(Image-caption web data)
........

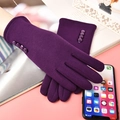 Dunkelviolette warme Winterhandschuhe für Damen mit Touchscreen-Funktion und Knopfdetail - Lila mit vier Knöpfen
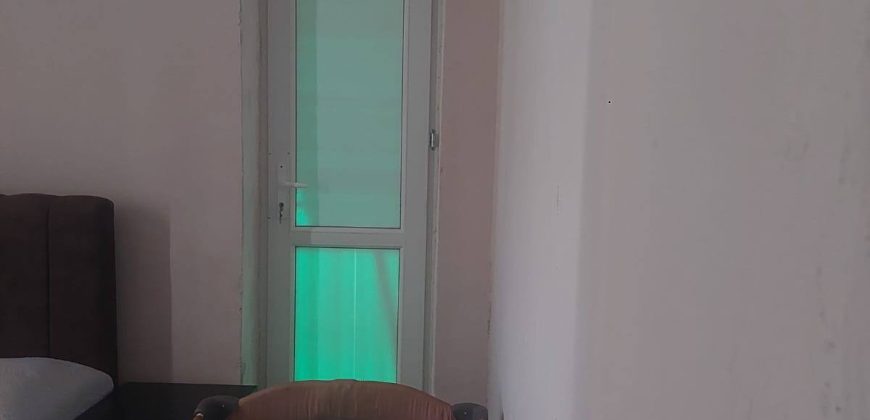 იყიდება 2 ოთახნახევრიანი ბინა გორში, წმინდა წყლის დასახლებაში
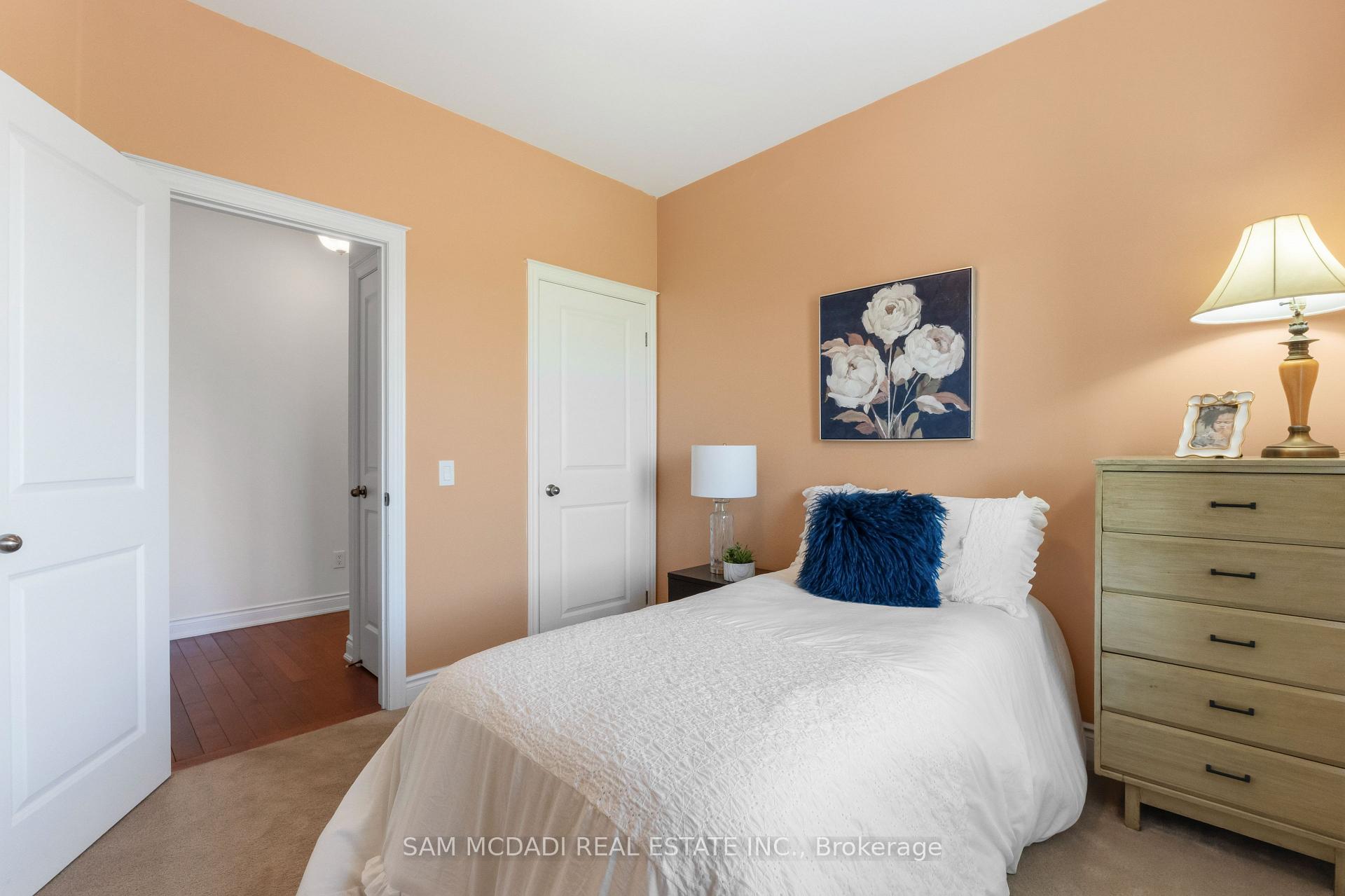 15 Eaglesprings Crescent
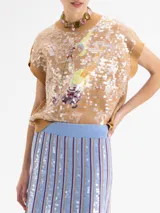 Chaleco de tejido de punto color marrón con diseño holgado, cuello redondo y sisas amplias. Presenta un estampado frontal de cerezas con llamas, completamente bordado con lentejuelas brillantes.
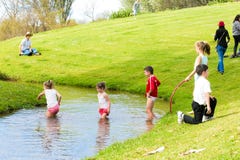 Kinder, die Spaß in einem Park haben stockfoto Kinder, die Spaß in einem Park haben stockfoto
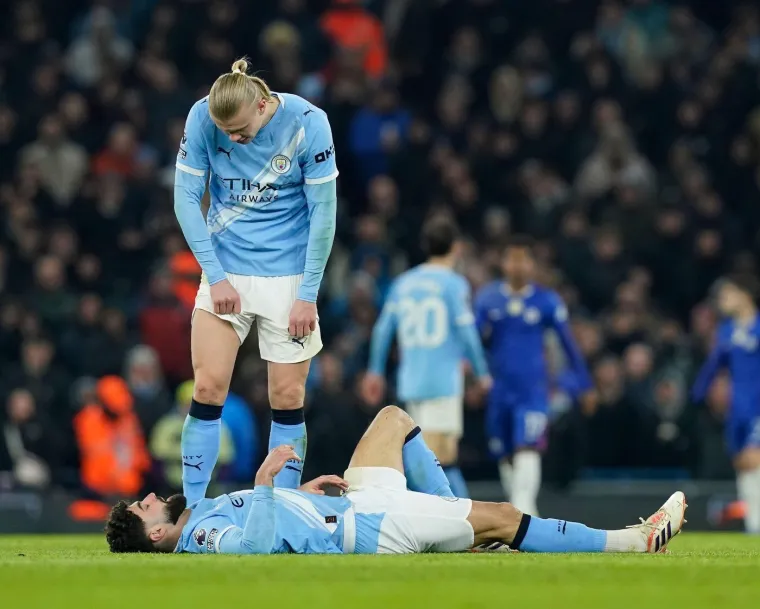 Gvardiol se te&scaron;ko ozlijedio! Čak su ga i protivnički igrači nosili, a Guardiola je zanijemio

........

## Assigned task
Above are the records; set down exactly the lines from the line containing "Chaleco de tejido" through their last line, leaving every picture out.

## Exercise answer
 Chaleco de tejido de punto color marrón con diseño holgado, cuello redondo y sisas amplias. Presenta un estampado frontal de cerezas con llamas, completamente bordado con lentejuelas brillantes.
 Kinder, die Spaß in einem Park haben stockfoto Kinder, die Spaß in einem Park haben stockfoto
 Gvardiol se te&scaron;ko ozlijedio! Čak su ga i protivnički igrači nosili, a Guardiola je zanijemio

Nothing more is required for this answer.